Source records
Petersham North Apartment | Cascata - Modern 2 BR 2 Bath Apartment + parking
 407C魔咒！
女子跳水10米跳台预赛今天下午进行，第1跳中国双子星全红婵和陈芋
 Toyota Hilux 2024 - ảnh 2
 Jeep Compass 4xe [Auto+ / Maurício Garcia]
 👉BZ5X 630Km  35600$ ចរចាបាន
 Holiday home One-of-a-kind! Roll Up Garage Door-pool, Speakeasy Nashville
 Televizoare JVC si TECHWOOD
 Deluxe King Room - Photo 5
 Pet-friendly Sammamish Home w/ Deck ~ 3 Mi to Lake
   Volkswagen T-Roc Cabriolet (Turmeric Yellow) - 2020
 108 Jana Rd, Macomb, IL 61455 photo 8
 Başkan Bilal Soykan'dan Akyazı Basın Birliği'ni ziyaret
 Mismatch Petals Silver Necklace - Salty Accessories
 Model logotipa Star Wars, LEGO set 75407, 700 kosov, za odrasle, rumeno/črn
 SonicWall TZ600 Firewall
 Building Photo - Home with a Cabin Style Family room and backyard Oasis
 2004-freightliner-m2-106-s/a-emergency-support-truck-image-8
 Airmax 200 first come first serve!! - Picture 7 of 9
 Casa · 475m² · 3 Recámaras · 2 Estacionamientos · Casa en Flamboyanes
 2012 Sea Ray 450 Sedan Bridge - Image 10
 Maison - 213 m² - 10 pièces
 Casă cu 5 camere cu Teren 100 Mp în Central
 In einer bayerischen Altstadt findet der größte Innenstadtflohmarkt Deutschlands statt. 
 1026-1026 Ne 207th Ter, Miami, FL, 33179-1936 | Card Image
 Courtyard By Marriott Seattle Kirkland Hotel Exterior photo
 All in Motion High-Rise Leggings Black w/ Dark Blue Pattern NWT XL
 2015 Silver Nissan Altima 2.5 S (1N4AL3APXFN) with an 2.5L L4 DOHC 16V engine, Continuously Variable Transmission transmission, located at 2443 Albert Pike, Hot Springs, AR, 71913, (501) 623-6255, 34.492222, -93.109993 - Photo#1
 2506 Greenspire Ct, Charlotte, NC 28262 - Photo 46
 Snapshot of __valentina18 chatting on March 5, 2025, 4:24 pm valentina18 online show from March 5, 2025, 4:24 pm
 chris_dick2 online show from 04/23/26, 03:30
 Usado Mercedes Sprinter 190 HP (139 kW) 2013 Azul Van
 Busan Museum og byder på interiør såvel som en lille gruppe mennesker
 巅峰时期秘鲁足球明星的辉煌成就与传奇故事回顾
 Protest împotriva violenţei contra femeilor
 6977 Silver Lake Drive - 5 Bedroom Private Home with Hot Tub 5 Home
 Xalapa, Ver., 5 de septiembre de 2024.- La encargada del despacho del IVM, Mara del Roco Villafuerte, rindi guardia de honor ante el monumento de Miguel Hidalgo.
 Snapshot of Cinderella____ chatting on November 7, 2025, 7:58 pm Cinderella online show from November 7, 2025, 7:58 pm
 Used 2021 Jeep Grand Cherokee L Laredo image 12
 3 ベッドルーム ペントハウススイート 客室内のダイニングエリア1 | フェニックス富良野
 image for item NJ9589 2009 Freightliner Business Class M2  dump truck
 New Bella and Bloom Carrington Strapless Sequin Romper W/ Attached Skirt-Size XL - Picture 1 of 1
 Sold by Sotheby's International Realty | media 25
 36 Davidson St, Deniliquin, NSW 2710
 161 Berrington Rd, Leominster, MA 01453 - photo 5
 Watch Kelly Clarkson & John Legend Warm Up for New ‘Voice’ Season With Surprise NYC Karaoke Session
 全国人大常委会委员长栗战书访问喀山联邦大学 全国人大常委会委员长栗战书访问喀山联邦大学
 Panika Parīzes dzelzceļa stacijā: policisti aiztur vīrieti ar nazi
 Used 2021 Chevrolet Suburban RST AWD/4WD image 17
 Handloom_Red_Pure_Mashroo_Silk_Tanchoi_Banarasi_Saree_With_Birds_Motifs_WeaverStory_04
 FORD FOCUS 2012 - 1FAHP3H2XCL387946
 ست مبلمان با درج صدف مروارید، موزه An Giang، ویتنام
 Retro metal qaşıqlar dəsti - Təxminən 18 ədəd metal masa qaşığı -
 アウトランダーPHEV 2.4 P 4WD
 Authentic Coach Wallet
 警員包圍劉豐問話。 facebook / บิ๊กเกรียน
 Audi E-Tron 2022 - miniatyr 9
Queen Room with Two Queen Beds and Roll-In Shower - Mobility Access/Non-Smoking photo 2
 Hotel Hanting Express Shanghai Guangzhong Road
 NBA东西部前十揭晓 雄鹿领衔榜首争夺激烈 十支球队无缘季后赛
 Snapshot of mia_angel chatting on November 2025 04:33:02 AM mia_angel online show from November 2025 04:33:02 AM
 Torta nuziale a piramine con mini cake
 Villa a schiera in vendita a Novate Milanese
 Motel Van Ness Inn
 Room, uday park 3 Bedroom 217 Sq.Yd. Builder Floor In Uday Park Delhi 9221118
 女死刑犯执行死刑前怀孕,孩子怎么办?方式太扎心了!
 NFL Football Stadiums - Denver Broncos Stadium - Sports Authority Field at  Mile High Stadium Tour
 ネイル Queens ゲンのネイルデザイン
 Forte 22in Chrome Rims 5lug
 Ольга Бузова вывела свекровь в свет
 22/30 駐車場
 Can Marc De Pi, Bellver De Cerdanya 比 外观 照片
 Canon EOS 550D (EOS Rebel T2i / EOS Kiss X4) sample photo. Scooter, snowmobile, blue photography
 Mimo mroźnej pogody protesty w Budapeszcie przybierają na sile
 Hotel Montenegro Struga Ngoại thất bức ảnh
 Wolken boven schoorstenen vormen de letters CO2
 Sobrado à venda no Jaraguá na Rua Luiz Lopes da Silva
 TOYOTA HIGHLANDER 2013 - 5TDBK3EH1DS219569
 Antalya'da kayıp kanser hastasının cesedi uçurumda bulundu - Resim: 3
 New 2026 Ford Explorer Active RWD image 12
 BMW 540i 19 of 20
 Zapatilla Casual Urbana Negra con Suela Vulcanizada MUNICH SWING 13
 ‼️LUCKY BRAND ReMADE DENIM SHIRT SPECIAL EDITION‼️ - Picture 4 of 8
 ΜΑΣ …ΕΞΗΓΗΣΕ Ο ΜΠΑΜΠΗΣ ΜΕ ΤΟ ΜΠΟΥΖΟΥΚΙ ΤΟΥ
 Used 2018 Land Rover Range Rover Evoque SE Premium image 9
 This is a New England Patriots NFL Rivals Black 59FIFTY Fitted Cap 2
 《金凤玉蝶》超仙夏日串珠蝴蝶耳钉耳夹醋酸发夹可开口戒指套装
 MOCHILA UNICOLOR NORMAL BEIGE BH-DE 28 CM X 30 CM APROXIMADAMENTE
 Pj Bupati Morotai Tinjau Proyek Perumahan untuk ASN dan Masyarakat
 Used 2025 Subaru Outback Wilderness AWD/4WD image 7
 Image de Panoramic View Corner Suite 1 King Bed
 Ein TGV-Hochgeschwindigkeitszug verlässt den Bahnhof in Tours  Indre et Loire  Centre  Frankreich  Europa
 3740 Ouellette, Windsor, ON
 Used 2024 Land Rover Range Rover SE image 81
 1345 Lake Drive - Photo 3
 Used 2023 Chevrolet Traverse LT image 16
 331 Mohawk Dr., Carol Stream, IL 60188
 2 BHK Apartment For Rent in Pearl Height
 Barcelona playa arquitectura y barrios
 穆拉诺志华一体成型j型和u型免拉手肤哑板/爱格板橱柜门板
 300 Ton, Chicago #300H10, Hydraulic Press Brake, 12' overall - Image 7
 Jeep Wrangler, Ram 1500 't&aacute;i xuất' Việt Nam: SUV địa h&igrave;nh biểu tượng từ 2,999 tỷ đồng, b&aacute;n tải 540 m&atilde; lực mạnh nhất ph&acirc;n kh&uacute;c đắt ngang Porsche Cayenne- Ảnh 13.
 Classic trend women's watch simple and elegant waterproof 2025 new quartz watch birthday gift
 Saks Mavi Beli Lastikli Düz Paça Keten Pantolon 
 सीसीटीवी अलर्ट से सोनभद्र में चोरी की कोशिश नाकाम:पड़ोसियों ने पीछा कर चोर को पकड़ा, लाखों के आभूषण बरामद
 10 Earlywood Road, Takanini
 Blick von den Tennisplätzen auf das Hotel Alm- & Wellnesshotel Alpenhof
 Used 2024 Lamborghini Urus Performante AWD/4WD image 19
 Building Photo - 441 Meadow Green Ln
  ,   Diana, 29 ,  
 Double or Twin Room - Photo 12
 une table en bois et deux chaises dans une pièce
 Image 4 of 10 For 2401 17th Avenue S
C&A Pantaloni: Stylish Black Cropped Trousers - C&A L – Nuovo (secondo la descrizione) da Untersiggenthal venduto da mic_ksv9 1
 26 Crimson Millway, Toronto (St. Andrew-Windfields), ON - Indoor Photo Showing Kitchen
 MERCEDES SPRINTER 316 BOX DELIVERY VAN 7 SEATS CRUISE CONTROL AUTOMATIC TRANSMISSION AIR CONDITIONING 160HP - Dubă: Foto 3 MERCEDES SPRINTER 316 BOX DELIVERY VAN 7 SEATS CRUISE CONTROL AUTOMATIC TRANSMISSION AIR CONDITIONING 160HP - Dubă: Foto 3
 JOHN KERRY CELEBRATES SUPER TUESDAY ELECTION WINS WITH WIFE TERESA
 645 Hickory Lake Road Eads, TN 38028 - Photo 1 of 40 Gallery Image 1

**Problem to work on**
Copy the entries above exactly, but only from the line holding "New Bella and" through the line holding "Watch Kelly Clarkson", both included.

**Written answer**
 New Bella and Bloom Carrington Strapless Sequin Romper W/ Attached Skirt-Size XL - Picture 1 of 1
 Sold by Sotheby's International Realty | media 25
 36 Davidson St, Deniliquin, NSW 2710
 161 Berrington Rd, Leominster, MA 01453 - photo 5
 Watch Kelly Clarkson & John Legend Warm Up for New ‘Voice’ Season With Surprise NYC Karaoke Session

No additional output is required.